France’s upper house of parliament approved on Friday a new bill criminalizing the denial of the 1915 Armenian genocide in Ottoman Turkey and other crimes against humanity recognized by the French state.
The bill hailed by Armenia was unanimously approved by the French lower house, the National Assembly, in the first reading in July. It stipulates that any public denial of those atrocities will be punishable by up to one year’s imprisonment and a 45,000-euro ($50,000) fine.
Currently, French law only makes it a crime to deny the Holocaust.
French lawmakers already passed a law against Armenian genocide denial about four years ago. The French constitutional court subsequently struck down that law, however, saying that it runs counter to freedom of speech.
Socialist Party leader Francois Hollande pledged to have Armenian genocide denial banned again before he was elected France’s president in 2012. He told leaders of France’s influential Armenian community that a new bill should be drafted with “utmost legal security” so that it satisfies the constitutional court.
Hollande, 61, is expected to run for a second term in presidential elections slated for April-May 2017. His government’s support for the measure long championed by the Armenian community appears to have been decisive for the outcome of Friday’s vote in the French Senate.
"We do not have to characterize historical facts, it is the task of historians,” Patrick Kanner, the French minister for urban affairs, youth and sports, was quoted by Europe1.fr as telling the Senate. But he said the French state must make it clear that genocide denial is “a crime that incites hatred and, as such, threatens our social peace."
The Senate passed the bill by 156 votes to 146. Most of the senators that backed the measure are Socialists.
Armenia was quick to hail the development. “With this step, France once again reaffirmed its valuable role in condemning genocides perpetrated in the past, fighting against their denial and preventing new crimes against humanity,” Foreign Minister Edward Nalbandian said in a statement.
President Serzh Sarkisian also praised the French bill when he met with Hollande on the sidelines of a NATO summit in Warsaw in July. Sarkisian gave Hollande credit for it was passage by the French lower house.
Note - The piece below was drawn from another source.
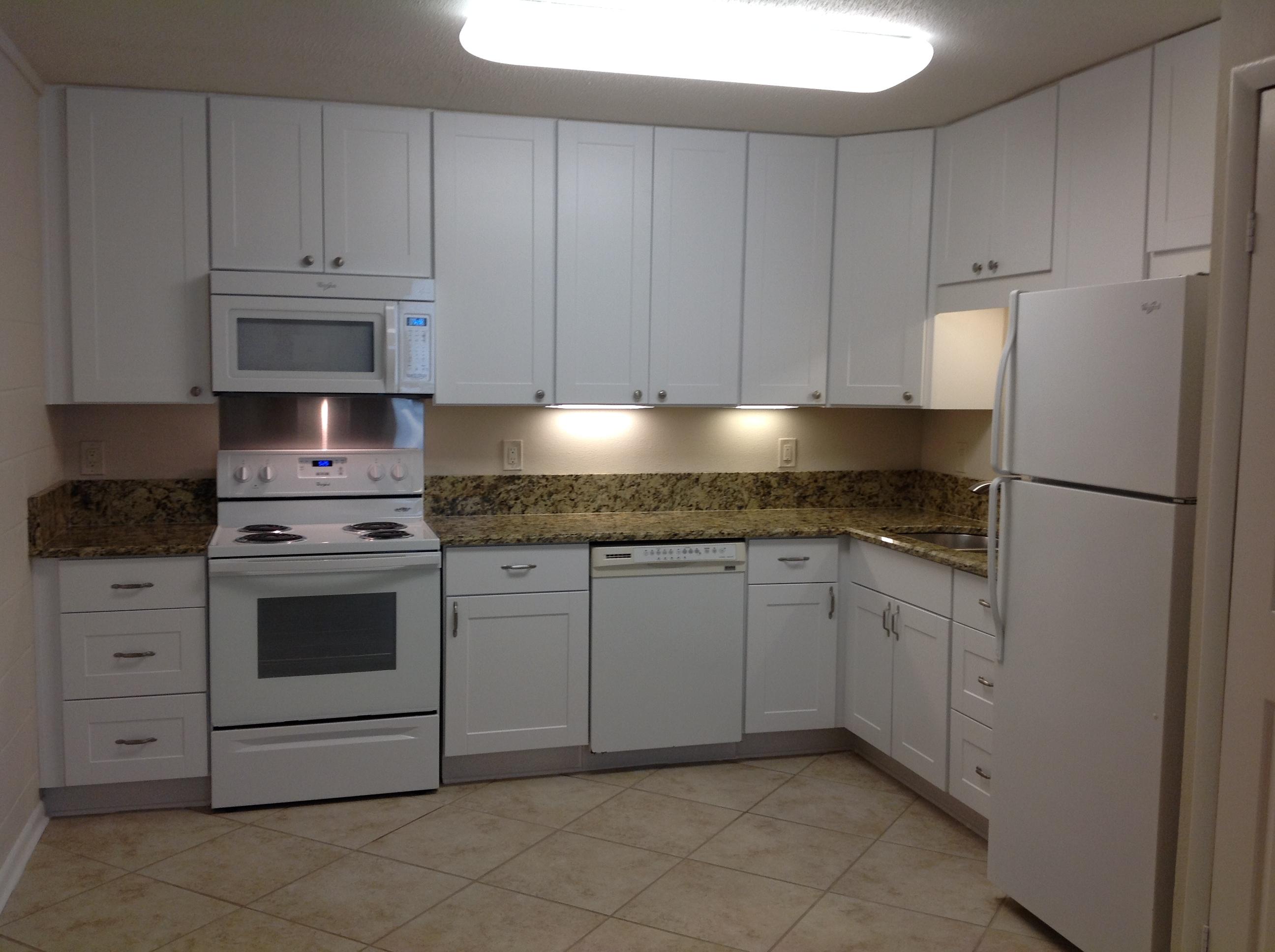 This 2 bedroom 1 bath condo has been renovated with new tile throughout, granite counter tops, new appliances, new cabinets in kitchen and bath. A front loading washer and dryer has been installed to complete the updating. The units here rent for 850.00 per month plus. As an investment, this could produce 5% or more. It's close to the beach, and is easily rented. A short walk to the beach.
Turkey expressed concern over the new French bill against genocide denial shortly after the National Assembly vote. The Turkish Foreign Ministry urged the French Senate to reject its “elements that may have the potential to pose the risk of limiting the freedom of expression.” It clearly referred to the World War One-era slaughter of up to 1.5 million Armenians which France officially recognized as genocide in 2001.
Ankara strongly denies that the mass killings constituted genocide. It did not immediately react to the Senate vote.